Yes. It's not a critical machine. I can reboot it at any time if it helps us figure out the root cause. :slightly_smiling_face:
Whats your VM config look like? Can you post a qm config <VMID>
agent: 1
balloon: 0
boot: order=scsi0
cores: 6
cpu: host
machine: pc-q35-6.2
memory: 32768
meta: creation-qemu=6.2.0,ctime=1657105335
net0: virtio=76:80:CE:B7:21:69,bridge=vmbr4
numa: 0
onboot: 1
ostype: win11
scsi0: ceph_storage:vm-104-disk-0,iothread=1,discard=on,size=100G
scsi1: ceph_storage:vm-104-disk-1,iothread=1,cache=writeback,discard=on,size=500G
scsi2: ceph_storage:vm-104-disk-2,iothread=1,cache=writeback,discard=on,size=500G
scsi3: ceph_storage:vm-104-disk-3,iothread=1,discard=on,size=500G
scsihw: virtio-scsi-single
smbios1: uuid=5839521f-0c23-431c-9806-c7ee8aab6104
sockets: 1
vmgenid: 1c6d5ca3-862b-49c5-848d-453cbe070164
Only scsi1 and scsi2 are affected (I already tried without cache=writeback, but it didn't help).
I would also change cache to Default (no cache)
I'm also not familiar with Ceph so unsure on performance impact.
Back to square 1 here, just got kvm: virtio: zero sized buffers are not allowed
again
To mitigate this problem, we switched to local storage. Unfortunately, we have not found any other solution either. Thanks for your help anyway, Vadim!
@thinkingcap I just noticed that the automatic trim operations for SSDs were running at the time of the last lockup. I disabled it for now to see if the problem disappears.
@mherlitzius I'm already using local SSD backed storage (from the start) @MaxXor Our issues occur during time of load when running SQL / AS jobs.
Proxmox 8.0.3 ran without issue for 5 days but got the less frequent error today:
QEMU[4927]: kvm: Desc next is 3
Error in VM is same.
So a different error message on the host but result is the same.
@thinkingcap I just noticed that the automatic trim operations for SSDs were running at the time of the last lockup. I disabled it for now to see if the problem disappears.
That process on my Server 2016 VM throws an error
The volume DATA (D:) was not optimized because an error was encountered: The slab consolidation / trim operation cannot be performed because the volume alignment is invalid. (0x89000029)
If I run from Powershell it succeeds.
The storage optimizer successfully completed retrim on DATA (D:)

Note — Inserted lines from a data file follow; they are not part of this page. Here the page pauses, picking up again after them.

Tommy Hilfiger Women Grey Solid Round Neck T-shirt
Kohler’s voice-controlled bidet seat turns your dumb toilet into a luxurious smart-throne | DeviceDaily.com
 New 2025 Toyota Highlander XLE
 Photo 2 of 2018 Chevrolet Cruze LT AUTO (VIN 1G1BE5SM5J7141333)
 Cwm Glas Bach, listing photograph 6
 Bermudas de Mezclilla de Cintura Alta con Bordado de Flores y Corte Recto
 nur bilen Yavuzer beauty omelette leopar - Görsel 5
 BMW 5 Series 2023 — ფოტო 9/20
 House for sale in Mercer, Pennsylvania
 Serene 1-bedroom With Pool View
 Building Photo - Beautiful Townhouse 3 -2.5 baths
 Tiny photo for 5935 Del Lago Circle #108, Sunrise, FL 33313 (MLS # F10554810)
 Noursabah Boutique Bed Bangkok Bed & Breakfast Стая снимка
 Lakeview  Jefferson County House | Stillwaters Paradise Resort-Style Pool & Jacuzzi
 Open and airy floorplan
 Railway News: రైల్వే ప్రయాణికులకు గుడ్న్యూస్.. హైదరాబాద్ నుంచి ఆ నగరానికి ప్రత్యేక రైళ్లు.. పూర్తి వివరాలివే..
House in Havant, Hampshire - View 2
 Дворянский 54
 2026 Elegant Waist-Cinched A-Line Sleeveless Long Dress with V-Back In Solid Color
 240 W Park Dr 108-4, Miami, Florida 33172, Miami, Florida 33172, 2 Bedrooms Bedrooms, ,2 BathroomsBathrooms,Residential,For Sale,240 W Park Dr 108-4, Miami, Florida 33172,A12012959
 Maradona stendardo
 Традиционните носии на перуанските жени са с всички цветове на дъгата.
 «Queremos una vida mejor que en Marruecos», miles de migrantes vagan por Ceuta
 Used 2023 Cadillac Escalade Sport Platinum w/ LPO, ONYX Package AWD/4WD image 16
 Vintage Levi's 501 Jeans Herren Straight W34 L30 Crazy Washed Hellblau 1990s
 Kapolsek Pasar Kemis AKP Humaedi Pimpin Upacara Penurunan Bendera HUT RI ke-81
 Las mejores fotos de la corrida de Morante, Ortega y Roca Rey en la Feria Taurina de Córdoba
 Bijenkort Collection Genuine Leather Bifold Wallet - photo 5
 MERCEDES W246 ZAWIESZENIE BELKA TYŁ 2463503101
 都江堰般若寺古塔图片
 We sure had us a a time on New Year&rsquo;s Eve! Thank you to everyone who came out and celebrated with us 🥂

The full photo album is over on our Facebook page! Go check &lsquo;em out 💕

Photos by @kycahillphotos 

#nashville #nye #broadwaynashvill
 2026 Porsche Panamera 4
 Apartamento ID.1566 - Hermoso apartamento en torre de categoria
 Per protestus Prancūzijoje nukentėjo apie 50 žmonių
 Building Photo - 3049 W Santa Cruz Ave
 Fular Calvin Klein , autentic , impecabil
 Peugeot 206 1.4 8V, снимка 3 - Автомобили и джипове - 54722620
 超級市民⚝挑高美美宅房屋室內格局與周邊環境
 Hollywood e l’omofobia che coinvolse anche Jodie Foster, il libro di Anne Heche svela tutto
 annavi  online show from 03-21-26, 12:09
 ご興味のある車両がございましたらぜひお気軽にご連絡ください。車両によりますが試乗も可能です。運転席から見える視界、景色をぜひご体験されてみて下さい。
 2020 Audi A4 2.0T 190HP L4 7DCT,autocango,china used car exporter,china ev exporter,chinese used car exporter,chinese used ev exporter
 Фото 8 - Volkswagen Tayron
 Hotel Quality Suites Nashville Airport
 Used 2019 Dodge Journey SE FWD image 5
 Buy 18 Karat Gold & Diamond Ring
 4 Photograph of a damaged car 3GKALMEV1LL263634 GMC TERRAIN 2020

Anecdotal evidence here but I checked out the change log for the 2 servers I have this issue on and noticed the more stable one had its PERC RAID controller cache mode changed to write-through and "no read ahead" on June 1. Havent seen this error on it now for close to 6 weeks. Updated the PERC controller to these same settings on July 3rd for server2 (date issue was last seen) and am at 8 days with no issues.
Update: 20-07-2023
QEMU[1935]: kvm: Desc next is 4
So 17 days without an issue.
From here
https://github.com/proxmox/mirror_qemu/blob/8844bb8d896595ee1d25d21c770e6e6f29803097/hw/virtio/virtio.c#L1055
Unsure if thats a VirtIO driver error or QEMU itself??